• _YOUR ASSIGNMENT_
Your reply should contain nothing except the lines from the one with "BILSTEIN Soufflet à" through the end of the listing below, reproduced exactly and stripped of pictures.

• _EXERCISE DATA_
┌──
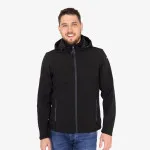 ICEPEAK M SOFTSHELL JACKET 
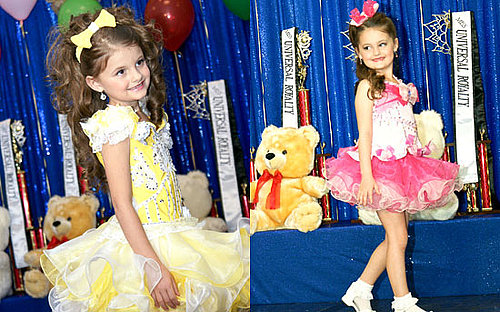 The Sterling Twins on Toddlers & Tiaras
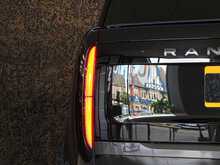Land Rover Range Rover P400 MHEV Autobiography - U14039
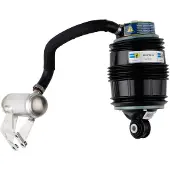 BILSTEIN Soufflet à air, suspension pneumatique - B3 Airmatic 40-076676 gauche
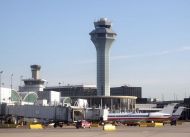 O'Hare-Airport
└──
• _ANSWER TO THE PROBLEM_
 BILSTEIN Soufflet à air, suspension pneumatique - B3 Airmatic 40-076676 gauche
 O'Hare-Airport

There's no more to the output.